* [Task details] The result should hold only the lines from the one with "Light Weight Yellow" through the final line of the data below, transcribed exactly, pictures left out.

(Image-caption web data)

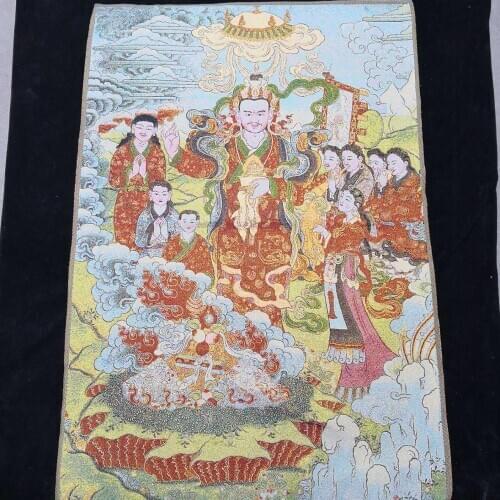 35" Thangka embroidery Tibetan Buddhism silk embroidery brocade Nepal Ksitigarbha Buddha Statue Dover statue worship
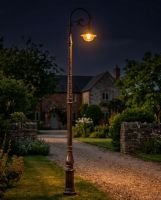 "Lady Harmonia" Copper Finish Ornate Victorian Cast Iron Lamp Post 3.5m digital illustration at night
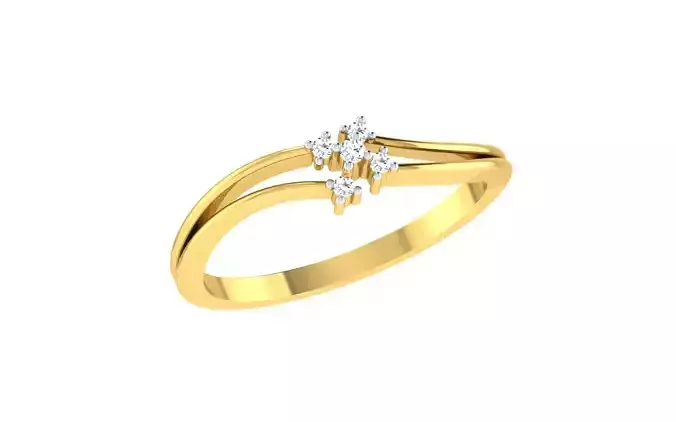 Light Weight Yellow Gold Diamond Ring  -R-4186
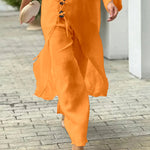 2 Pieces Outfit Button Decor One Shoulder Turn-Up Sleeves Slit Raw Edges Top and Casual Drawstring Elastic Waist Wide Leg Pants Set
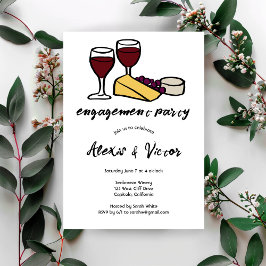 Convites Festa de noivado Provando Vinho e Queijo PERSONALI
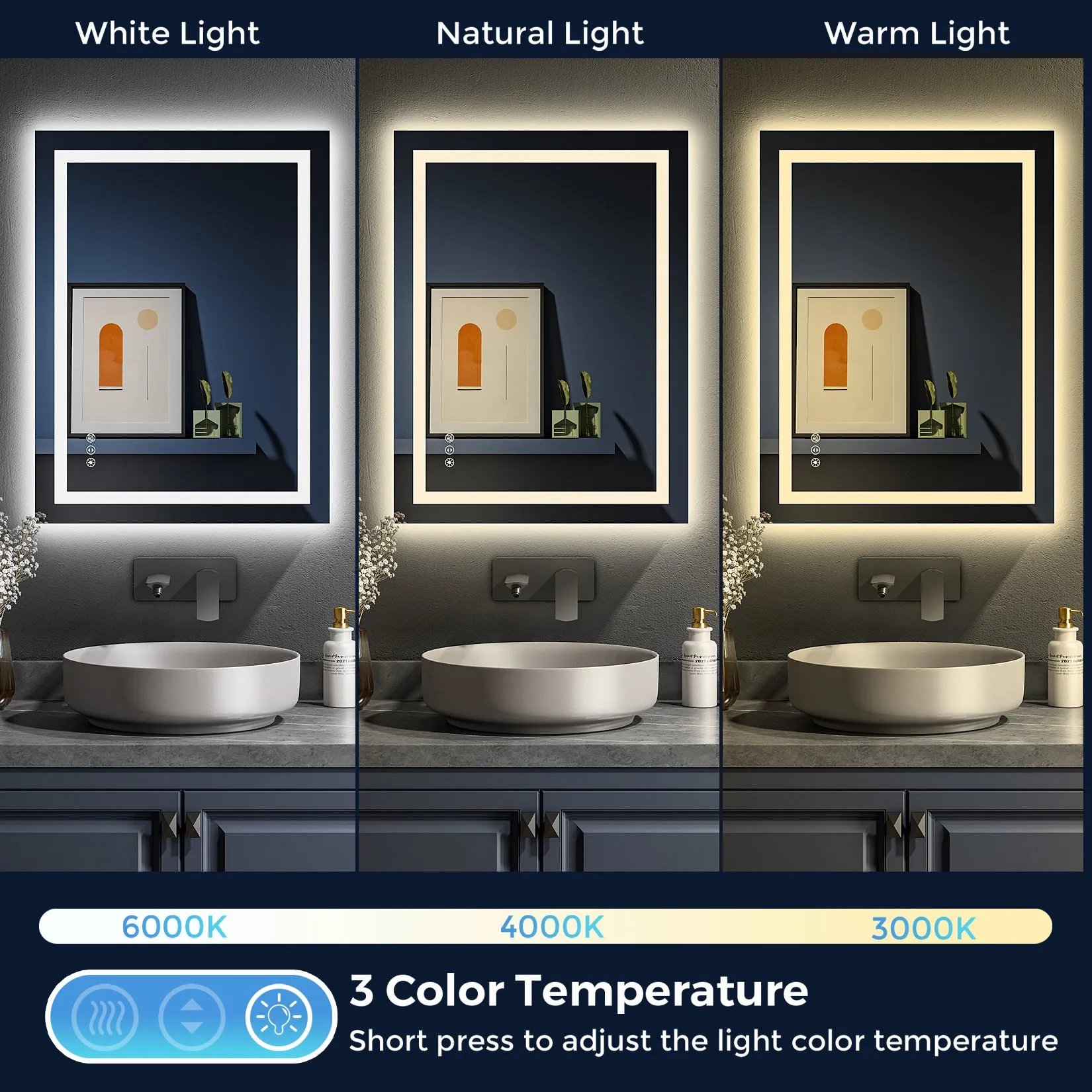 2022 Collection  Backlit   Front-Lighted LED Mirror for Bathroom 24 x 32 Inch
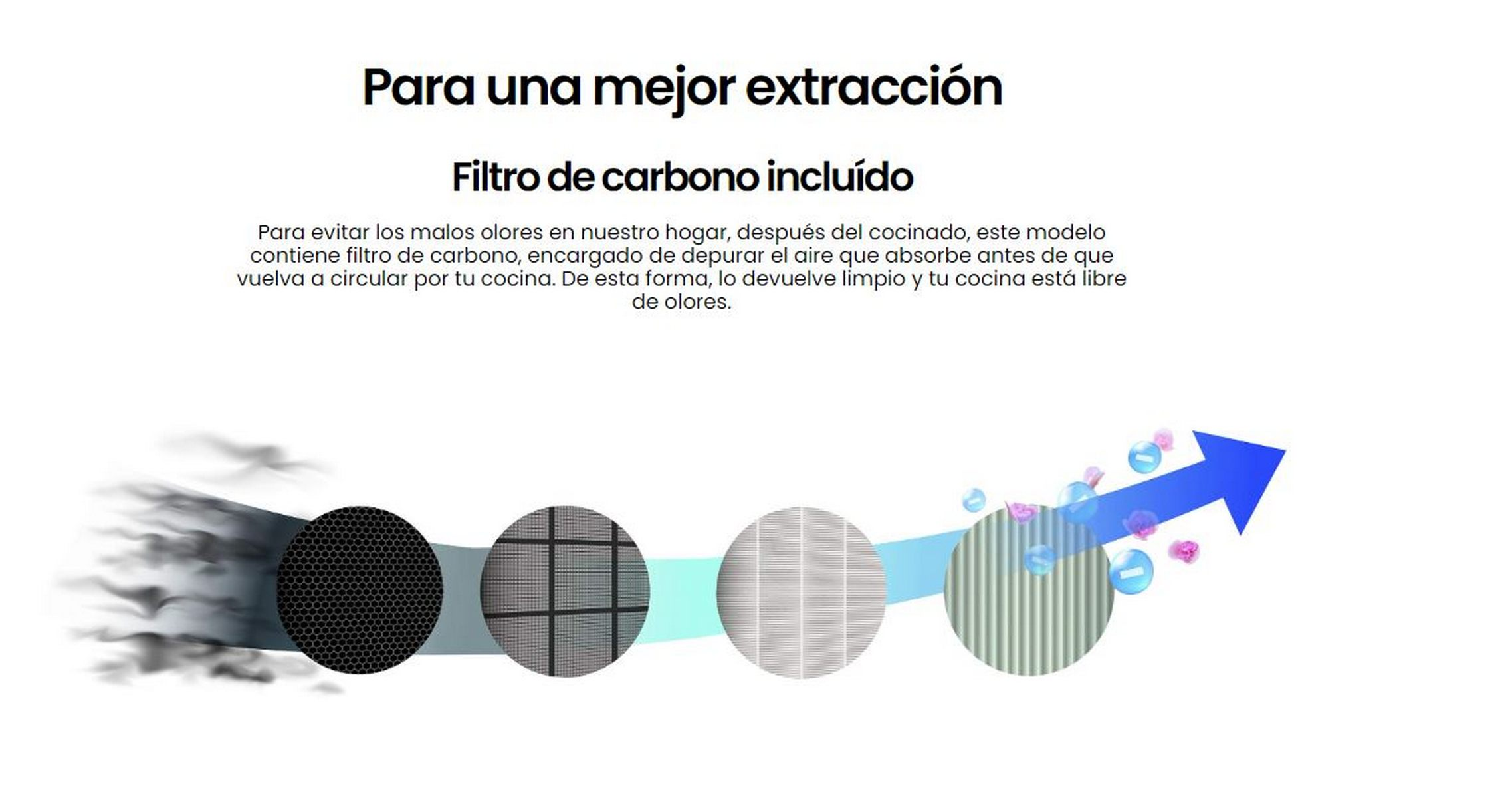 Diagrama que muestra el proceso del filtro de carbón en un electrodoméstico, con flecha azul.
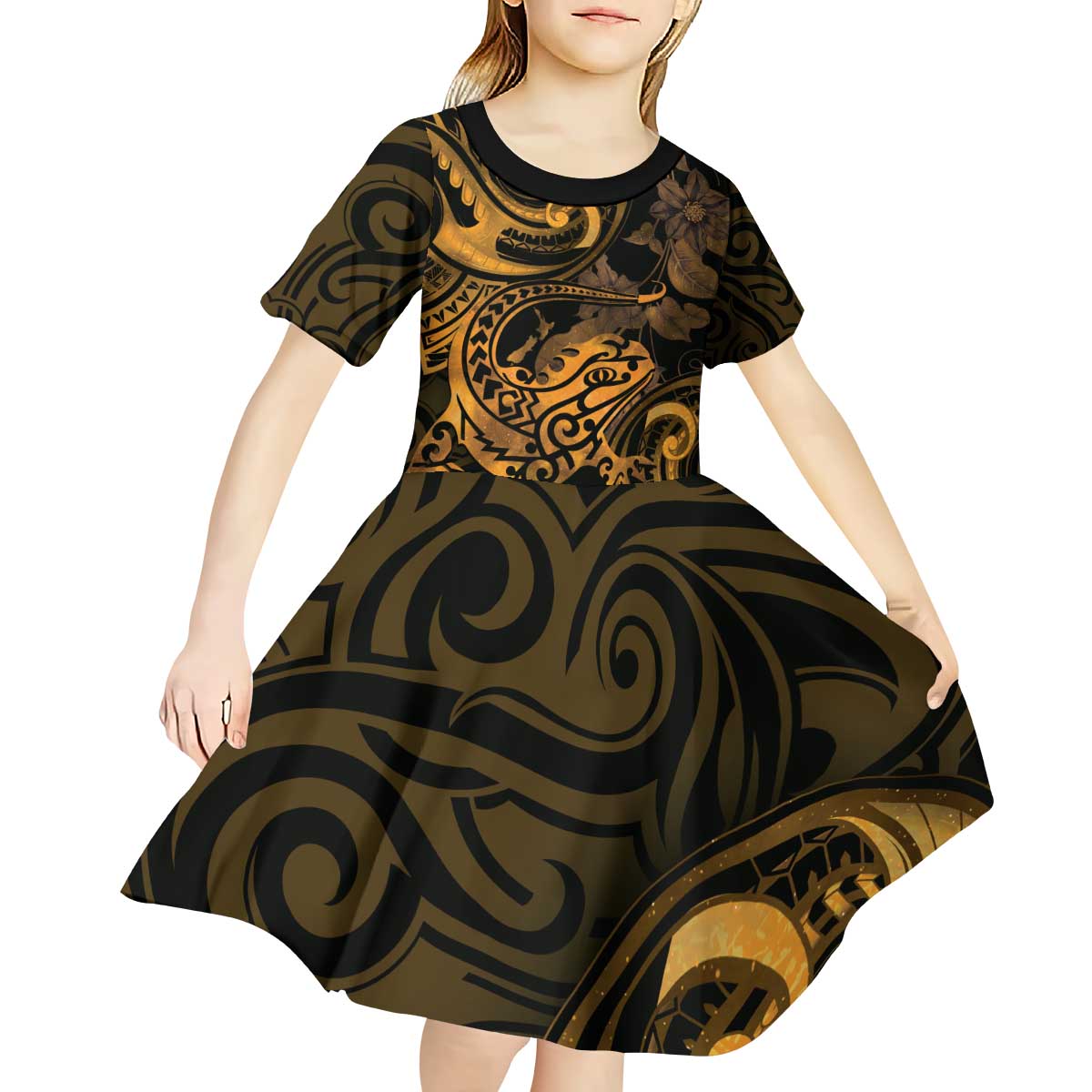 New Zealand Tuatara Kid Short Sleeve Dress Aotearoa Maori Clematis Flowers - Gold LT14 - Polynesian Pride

* [Completed exercise]
 Light Weight Yellow Gold Diamond Ring  -R-4186
 2 Pieces Outfit Button Decor One Shoulder Turn-Up Sleeves Slit Raw Edges Top and Casual Drawstring Elastic Waist Wide Leg Pants Set
 Convites Festa de noivado Provando Vinho e Queijo PERSONALI
 2022 Collection  Backlit   Front-Lighted LED Mirror for Bathroom 24 x 32 Inch
 Diagrama que muestra el proceso del filtro de carbón en un electrodoméstico, con flecha azul.
 New Zealand Tuatara Kid Short Sleeve Dress Aotearoa Maori Clematis Flowers - Gold LT14 - Polynesian Pride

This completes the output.